家族が次々と狂っては死んでいく。しかも死んだ後にも凄惨な苦しみに遭っているらしく、その点はとても怖い。
何が起きているのか訳も分からないまま、ただ学校のの霊感少女が告げる「女の人」がタイトルのサユリなのだろう、と推測できる程度だ。
特にこの作品で嫌なのは、主人公の弟・俊の運命。いまや生きているのかどうか定かではないが、とにかくこの世にはいないことだけが確定している彼だが、霊感少女には俊が苦しむ声が聞こえる。
終盤のあの四ページ、たった小学五年生の男の子が受けるべきではない責めを負わされているのが伝わってきて、その「あってはいけない」おぞましさにぞっとする。
霊に取り殺された人が、死後もその霊に捕らわれて苦しむという話はよく聞くが、ここまで強烈な描写でそれを見せられたのは初めてだ。
押切作品『椿鬼』でも、姥捨て山に人を拷問して殺しては食うという鬼畜外道が住み着いていた話があるが、俊の件ではそれを思い出した。
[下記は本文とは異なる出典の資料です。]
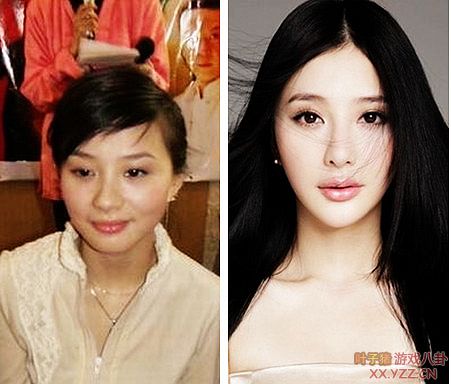 娱乐圈女明星大饼脸惊变锥子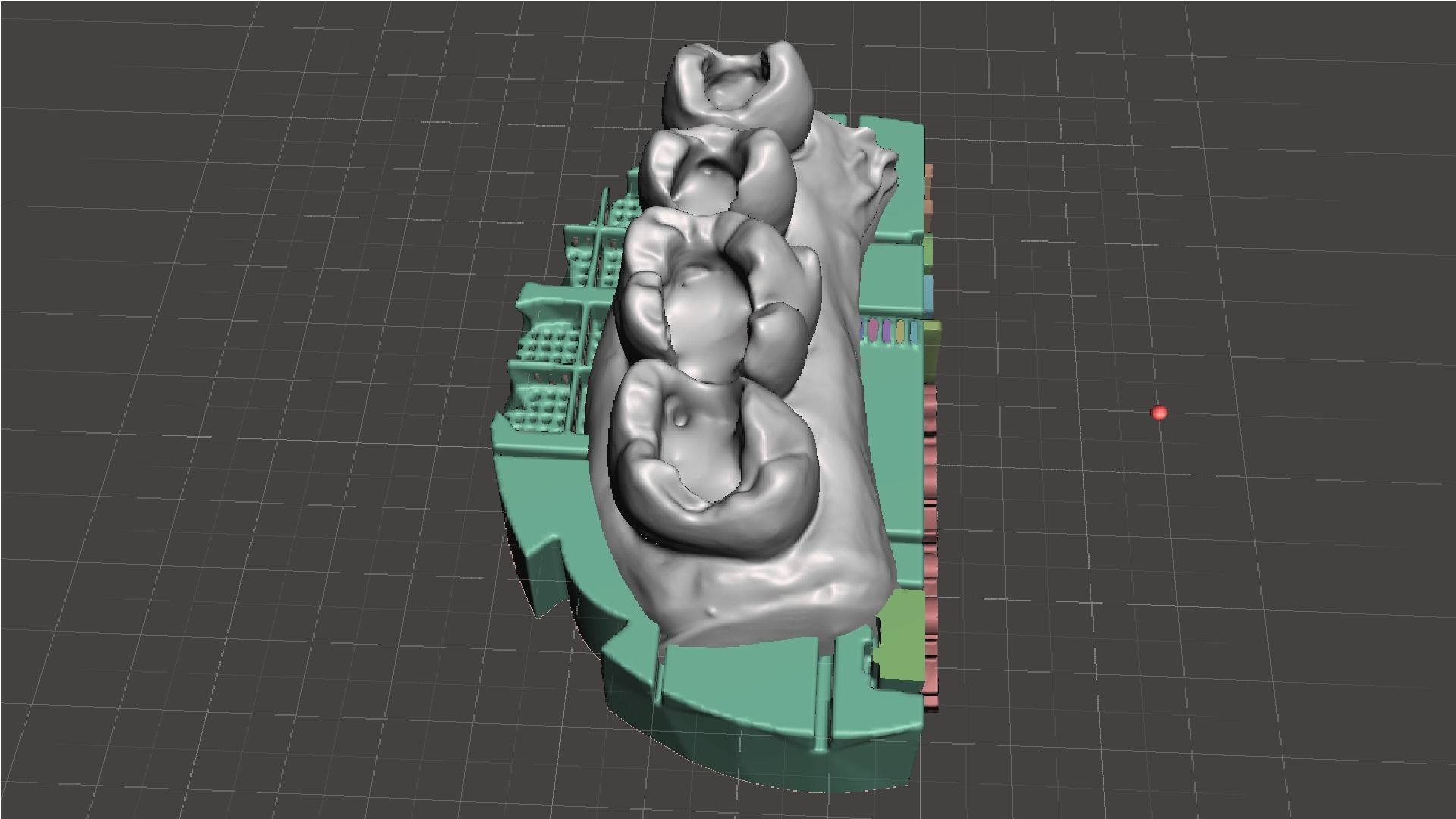EDM Dental Practice Exclusive Model Upper Class 1 and 2 3D print model_6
このエピソードで怖いのは、子が親を捨て、親を捨てた子がまたその子に捨てられ、親子代々連中に生きたまま切り刻まれ串刺しにされ腸引きずりだされ、たっぷりと時間をかけて殺されてから食われていって、それが長いこと続いていたらしい、という部分だったりする。
二巻で完結ということでやや詰め込みすぎというか、家族がどいつもこいつも自分の身に起きていることにあまり言及してくれないまま死んでいくので、ちょっと物足りない感はある作品。
が、真相や決着はどうなるのか大変気になります。霊感少女は何も出来ないって無力を訴えているし、せめて俊が助かるといいんですが。